= Edgar von Gierke =

German physician

Edgar Otto Conrad von Gierke (9 February 1877, in Breslau – 21 October 1945, in Karlsruhe) was a German Jewish pathologist who specialized in glycogenesis and discovered glycogen storage disease type I (formerly known as von Gierke disease) in 1929.

==Early life==
Edgar was born in 1877 the Prussian province of Silesia in Breslau to a famous Pomeranian German family. He was the son of the noted legal scholar Otto von Gierke and Marie Caecilie Elise (Lili) née Loening (1850–1936). Edgar had a sister named Anna von Gierke and a brother named Julius. Marie was an Evangelical Christian but her parents had converted from Judaism to Christianity in the 1840s prior to her birth. Thus, under the racial laws of German Nazi rule, she was considered to be Jewish as was Edgar, who identified as a Protestant. As a result, Edgar was labeled "Mischling 1. Grades" ("half-breed 1st degree") by the Nazi party.

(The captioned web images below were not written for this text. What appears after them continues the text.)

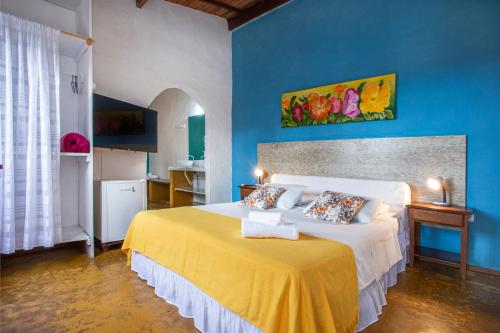 um quarto com uma cama grande num quarto azul em Pousada Recanto da Villa em Ilhabela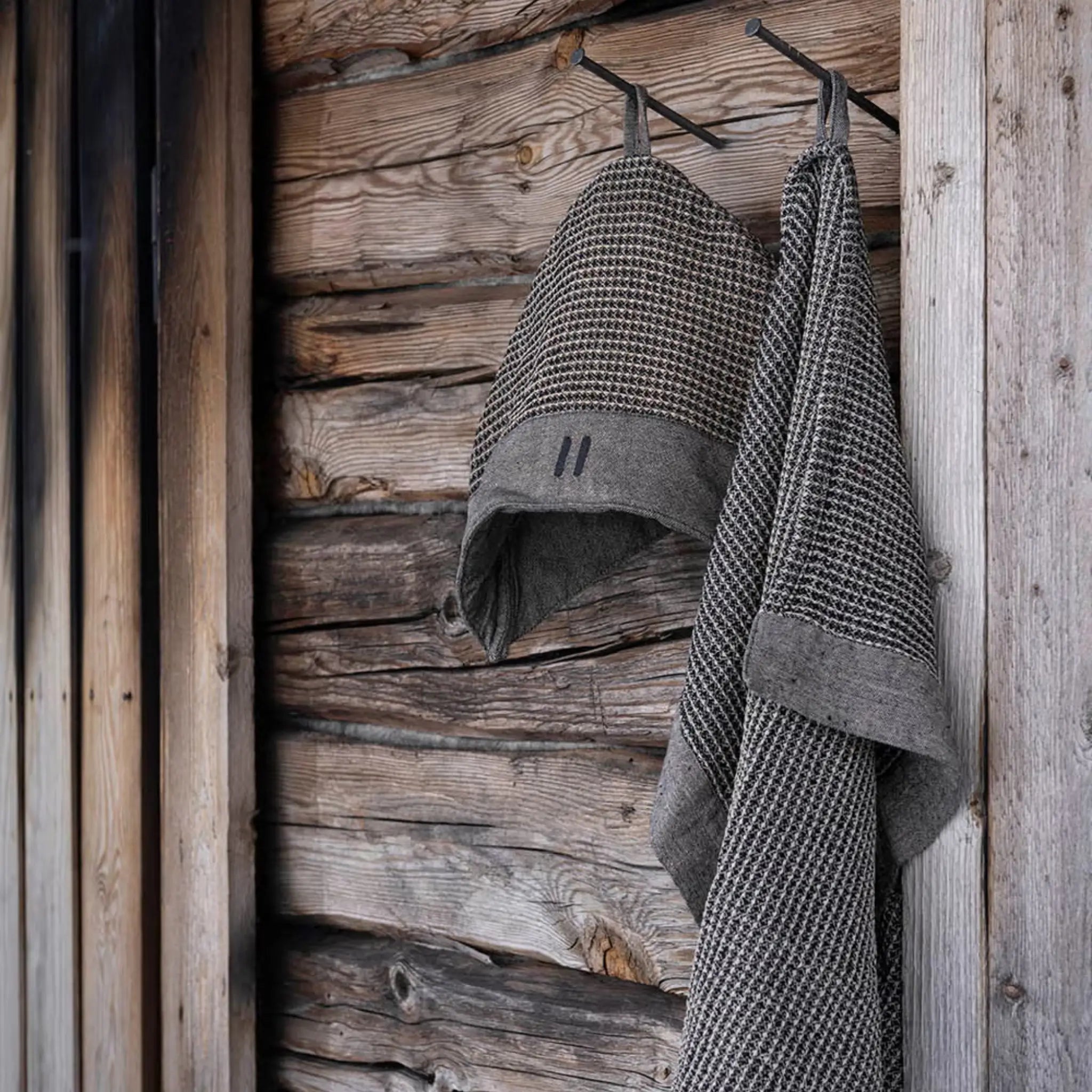 Brown Rento Kenno hand towel hanging on a wooden sauna wall with a matching sauna hat.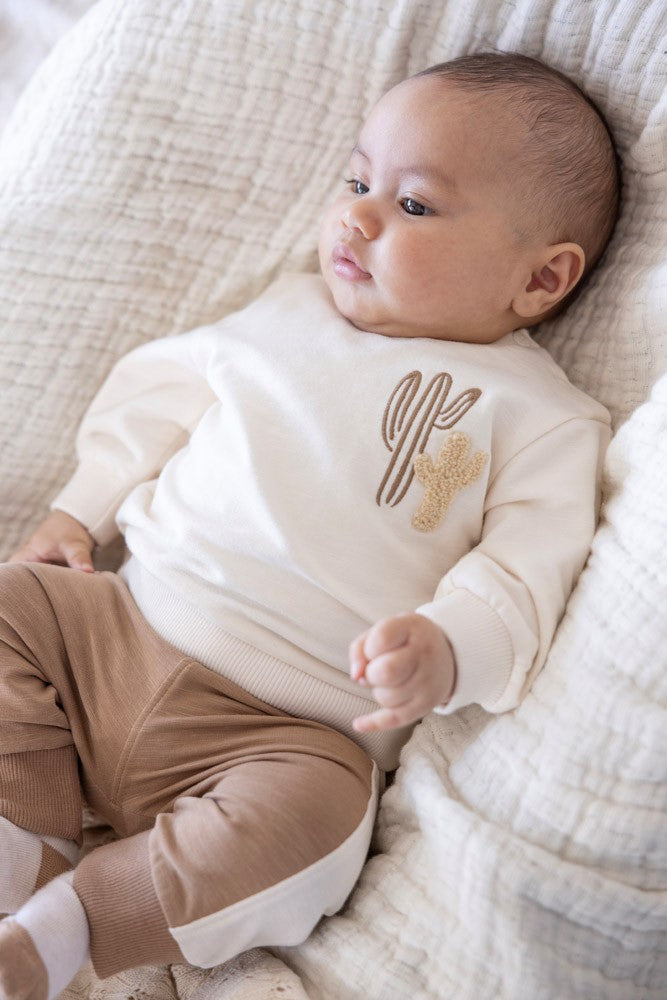 Baby draagt Feetje broekje Ssiesta camel met bijpassend shirt
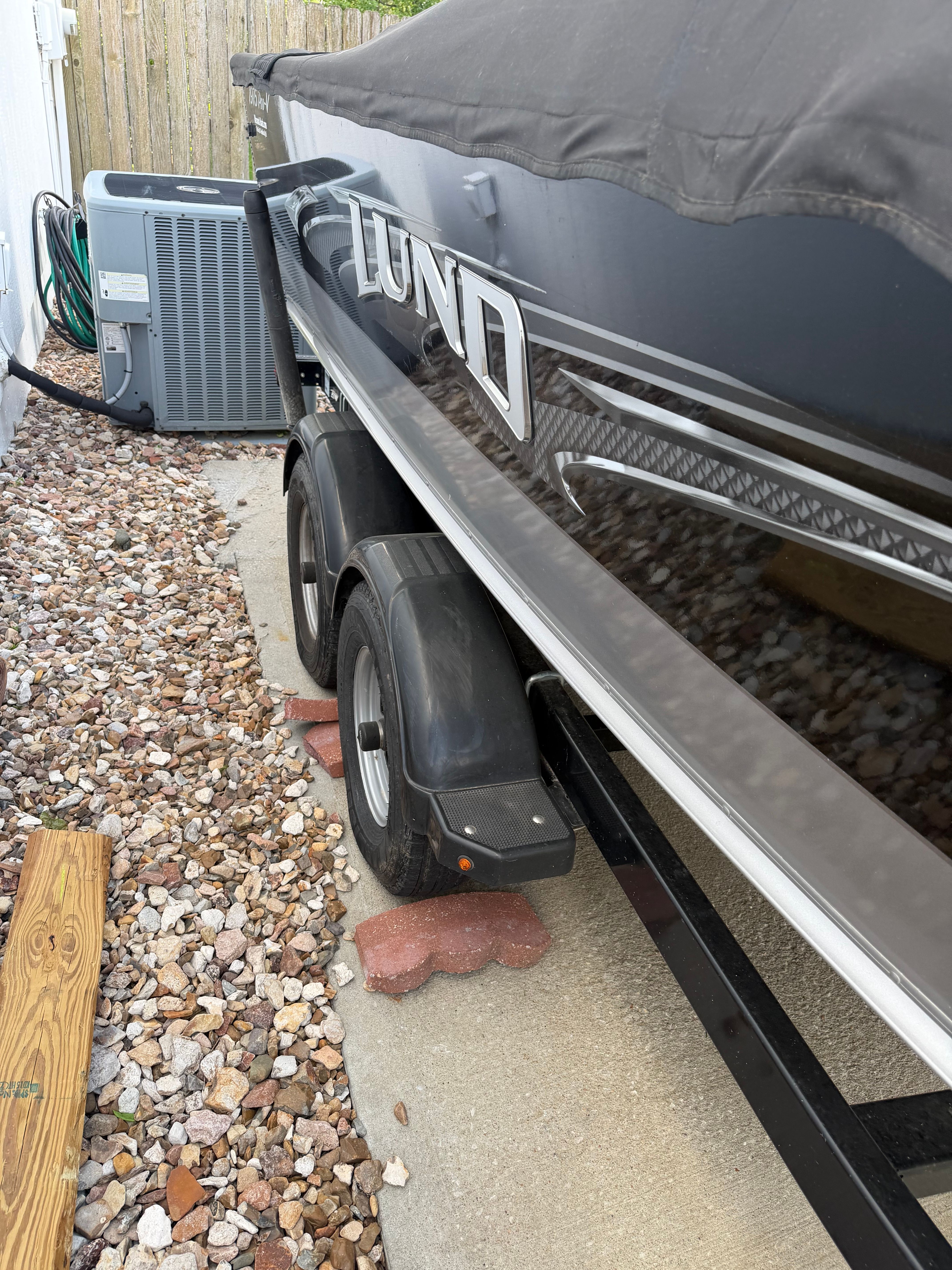 2017 Lund Pro V 1975 boat on trailer beside air conditioning unit.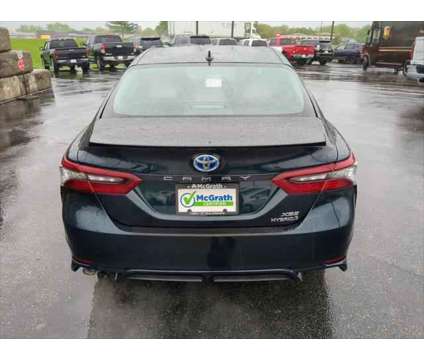 2021 Toyota Camry XSE Hybrid is a Blue 2021 Toyota Camry XSE Hybrid in Dubuque IA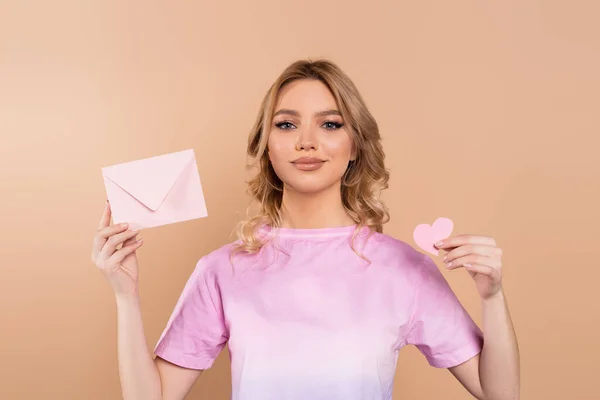 Happy Woman Wavy Hair Holding Envelope Paper Heart Isolated Beige — Stockfoto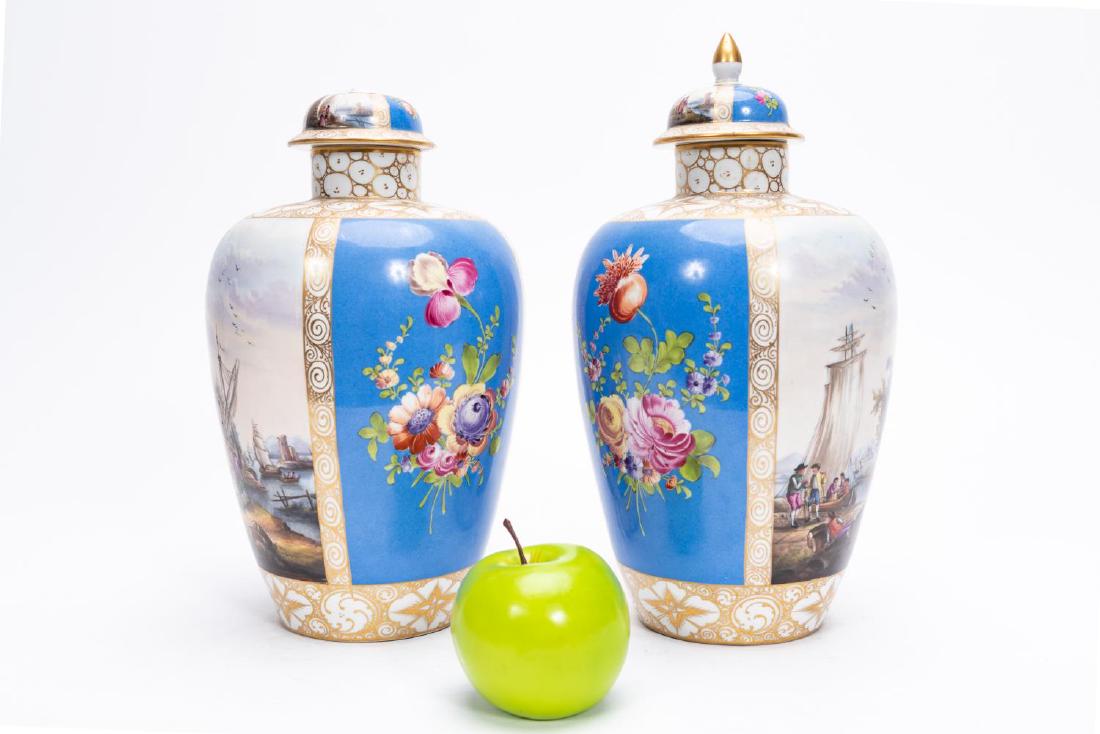 Pair, 19th C. German Carl Thieme Porcelain Urns: Late 19th to early 20th century. Carl Thieme (German, founded 1864); Dresden porcelain; powdered blue ground panels with polychrome florals alternating with German river scenes. Makers mark for 1888-1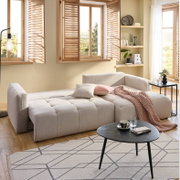 Gemütliche Rundecke in einem modernen Wohnzimmer, aus der Perspektive von vorne links fotografiert. Die Couch ist in ein helles Beige gehüllt und mit Kissen und einer Decke dekoriert.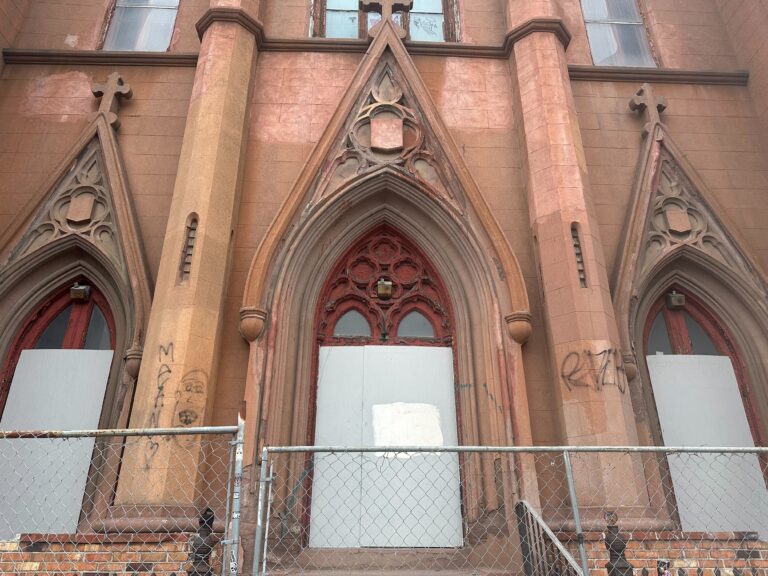 The front door of the historic Church of the Assumption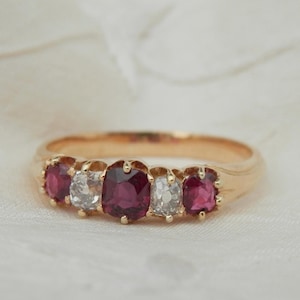 Op de afbeelding: Een gouden ring met vijf edelstenen: twee rode robijnen, twee heldere diamanten en een centrale robijn. De ring heeft een gepolijste gouden band en de edelstenen zijn ovaal geslepen, in een rij geplaatst. De ring wordt getoond op een wit, getextureerd oppervlak.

In 1896, von Gierke served one year as a military volunteer in the Silesian Field Artillery Regiment and subsequently served as a staff surgeon of the reserve during World War I. He participated in the Battle of Lorraine.

==Education and career==
He received his medical doctorate at Heidelberg University in 1901 and became a lecturer at the University of Freiburg in 1904. Several years later he became a prosector at the municipal hospital in Karlsruhe. In 1908, von Gierke took over the managing position of the Pathological-Bacteriological Institute of the Karlsruhe Municipal Hospitals for his colleague Ernst Schwalbe and retained this position for nearly 30 years. In 1911, von Gierke also became an associate professor of bacteriology at the Technische Hochschule in Karlsruhe. During his career, he published the highly regarded on anatomy book Taschenbuch der pathologischen Anatomie (Pocketbook of Pathological Anatomy).

===von Gierke disease===
von Gierke published a seminal article in 1929 detailing his discovery of a newly described glycogen storage disease that affected the liver and kidneys that he discovered on an autopsy of an affected child. He originally termed the disease "Hepato-Nephromegalia glykogenica". von Gierke's accomplishment was later rewarded and the disease was later given the eponymous distinction of being known as von Gierke disease, which was subsequently renamed to glycogen storage disease type I.

===Nazi Germany===
von Gierke was forced to prematurely retire by the Nazi's Third Reich in September 1937 and subsequently forced to come out of retirement and manage the pathology department at the Karlsruhe municipal hospital due to a lack of personnel. He was again forcibly retired in 1940 when Richard Böhmig, whom he temporarily replaced while Böhmig served in World War II, returned to his service at the municipal hospital after being discharged from his military service.

von Gierke's views on the Nazi party are poorly understood due to a lack of information. A few letters that von Gierke signed "Heil Hitler" have been recovered and on a Nazi party-administered political questionnaire he stated that he was a member of the Nazi groups known as the German Labor Front, the Reichsbund der Deutschen Beamten (Reich's Union of German Civil Servants), and the National Socialist German Doctors' League, but it is thought by modern history scholars that such membership and actions were a result of political pressure and expectations rather than due to truly sympathizing with the Nazi party.

==Personal life==
He married Julie Braun in 1912 and fathered four children. One of his son, Henning von Gierke, become an eminent acoustical engineer and scientist.

In 1945, von Gierke died from an unknown progressive heart disease at the age of 68.

==Awards==
For his military service as a surgeon during World War I, von Gierke received the Iron Cross 1st and 2nd class and the Knight's Cross 2nd class as well as swords of the Order of the Zähringer Lion. A street in Karslruhe was named after him in his honor.